Assigned task — Quote exactly the lines spanning from the top of the data below to the line that contains "Spongebob Ight Imma Head Out | BREAKING", including both.

Crawled caption data:
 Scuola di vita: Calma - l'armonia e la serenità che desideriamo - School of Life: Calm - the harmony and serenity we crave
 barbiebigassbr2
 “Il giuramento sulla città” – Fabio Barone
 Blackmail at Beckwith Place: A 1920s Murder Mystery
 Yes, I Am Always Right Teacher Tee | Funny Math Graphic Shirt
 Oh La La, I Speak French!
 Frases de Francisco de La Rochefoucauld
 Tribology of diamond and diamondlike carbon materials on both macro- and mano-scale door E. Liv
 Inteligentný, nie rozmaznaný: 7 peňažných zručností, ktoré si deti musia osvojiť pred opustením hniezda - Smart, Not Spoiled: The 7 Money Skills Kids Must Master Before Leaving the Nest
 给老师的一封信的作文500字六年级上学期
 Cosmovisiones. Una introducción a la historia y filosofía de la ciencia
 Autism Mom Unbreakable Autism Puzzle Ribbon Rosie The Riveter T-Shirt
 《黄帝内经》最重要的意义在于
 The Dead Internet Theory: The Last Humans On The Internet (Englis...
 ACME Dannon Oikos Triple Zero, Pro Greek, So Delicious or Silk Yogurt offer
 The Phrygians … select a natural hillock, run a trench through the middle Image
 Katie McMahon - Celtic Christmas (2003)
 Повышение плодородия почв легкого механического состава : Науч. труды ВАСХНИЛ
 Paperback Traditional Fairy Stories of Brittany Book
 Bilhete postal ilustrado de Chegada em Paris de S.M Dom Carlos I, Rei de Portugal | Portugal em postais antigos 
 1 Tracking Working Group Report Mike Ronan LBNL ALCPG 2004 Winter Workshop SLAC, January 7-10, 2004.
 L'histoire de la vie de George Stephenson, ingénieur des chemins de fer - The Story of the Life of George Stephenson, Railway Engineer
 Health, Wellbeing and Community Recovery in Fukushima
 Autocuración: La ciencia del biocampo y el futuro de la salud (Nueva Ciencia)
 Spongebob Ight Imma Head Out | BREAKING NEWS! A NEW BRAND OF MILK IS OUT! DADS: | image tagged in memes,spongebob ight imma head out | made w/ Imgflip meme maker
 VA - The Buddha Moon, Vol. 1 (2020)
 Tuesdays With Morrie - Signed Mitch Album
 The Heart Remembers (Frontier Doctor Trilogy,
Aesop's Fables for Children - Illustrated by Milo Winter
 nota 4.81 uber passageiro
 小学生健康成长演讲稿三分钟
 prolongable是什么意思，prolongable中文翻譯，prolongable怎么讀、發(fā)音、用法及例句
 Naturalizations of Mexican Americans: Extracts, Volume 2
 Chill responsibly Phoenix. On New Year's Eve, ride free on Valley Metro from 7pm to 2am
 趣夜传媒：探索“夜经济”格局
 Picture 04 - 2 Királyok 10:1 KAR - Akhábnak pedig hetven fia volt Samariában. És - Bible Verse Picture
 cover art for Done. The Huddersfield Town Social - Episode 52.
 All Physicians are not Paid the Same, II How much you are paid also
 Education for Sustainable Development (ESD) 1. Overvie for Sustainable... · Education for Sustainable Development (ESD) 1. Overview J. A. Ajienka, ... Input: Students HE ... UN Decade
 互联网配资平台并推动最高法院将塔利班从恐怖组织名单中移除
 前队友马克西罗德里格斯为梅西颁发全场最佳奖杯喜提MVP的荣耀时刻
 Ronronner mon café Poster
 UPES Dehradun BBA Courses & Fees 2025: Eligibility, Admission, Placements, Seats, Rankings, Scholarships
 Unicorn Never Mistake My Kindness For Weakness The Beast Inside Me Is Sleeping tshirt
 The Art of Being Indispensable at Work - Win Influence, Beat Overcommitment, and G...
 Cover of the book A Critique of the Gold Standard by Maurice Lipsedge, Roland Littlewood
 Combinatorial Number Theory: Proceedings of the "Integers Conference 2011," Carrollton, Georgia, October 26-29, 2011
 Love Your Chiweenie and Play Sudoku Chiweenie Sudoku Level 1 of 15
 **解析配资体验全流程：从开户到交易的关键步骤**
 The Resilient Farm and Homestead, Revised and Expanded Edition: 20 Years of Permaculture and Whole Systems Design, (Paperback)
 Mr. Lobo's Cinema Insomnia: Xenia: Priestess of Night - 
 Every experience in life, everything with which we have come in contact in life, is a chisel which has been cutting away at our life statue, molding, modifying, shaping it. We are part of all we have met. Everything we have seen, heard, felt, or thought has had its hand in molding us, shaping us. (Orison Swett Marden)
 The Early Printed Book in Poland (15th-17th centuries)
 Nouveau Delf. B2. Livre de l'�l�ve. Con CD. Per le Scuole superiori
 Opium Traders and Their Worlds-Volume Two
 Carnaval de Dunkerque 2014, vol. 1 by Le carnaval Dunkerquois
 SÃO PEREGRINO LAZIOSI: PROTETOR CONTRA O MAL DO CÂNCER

Answer to this exercise —
 Scuola di vita: Calma - l'armonia e la serenità che desideriamo - School of Life: Calm - the harmony and serenity we crave
 barbiebigassbr2
 “Il giuramento sulla città” – Fabio Barone
 Blackmail at Beckwith Place: A 1920s Murder Mystery
 Yes, I Am Always Right Teacher Tee | Funny Math Graphic Shirt
 Oh La La, I Speak French!
 Frases de Francisco de La Rochefoucauld
 Tribology of diamond and diamondlike carbon materials on both macro- and mano-scale door E. Liv
 Inteligentný, nie rozmaznaný: 7 peňažných zručností, ktoré si deti musia osvojiť pred opustením hniezda - Smart, Not Spoiled: The 7 Money Skills Kids Must Master Before Leaving the Nest
 给老师的一封信的作文500字六年级上学期
 Cosmovisiones. Una introducción a la historia y filosofía de la ciencia
 Autism Mom Unbreakable Autism Puzzle Ribbon Rosie The Riveter T-Shirt
 《黄帝内经》最重要的意义在于
 The Dead Internet Theory: The Last Humans On The Internet (Englis...
 ACME Dannon Oikos Triple Zero, Pro Greek, So Delicious or Silk Yogurt offer
 The Phrygians … select a natural hillock, run a trench through the middle Image
 Katie McMahon - Celtic Christmas (2003)
 Повышение плодородия почв легкого механического состава : Науч. труды ВАСХНИЛ
 Paperback Traditional Fairy Stories of Brittany Book
 Bilhete postal ilustrado de Chegada em Paris de S.M Dom Carlos I, Rei de Portugal | Portugal em postais antigos 
 1 Tracking Working Group Report Mike Ronan LBNL ALCPG 2004 Winter Workshop SLAC, January 7-10, 2004.
 L'histoire de la vie de George Stephenson, ingénieur des chemins de fer - The Story of the Life of George Stephenson, Railway Engineer
 Health, Wellbeing and Community Recovery in Fukushima
 Autocuración: La ciencia del biocampo y el futuro de la salud (Nueva Ciencia)
 Spongebob Ight Imma Head Out | BREAKING NEWS! A NEW BRAND OF MILK IS OUT! DADS: | image tagged in memes,spongebob ight imma head out | made w/ Imgflip meme maker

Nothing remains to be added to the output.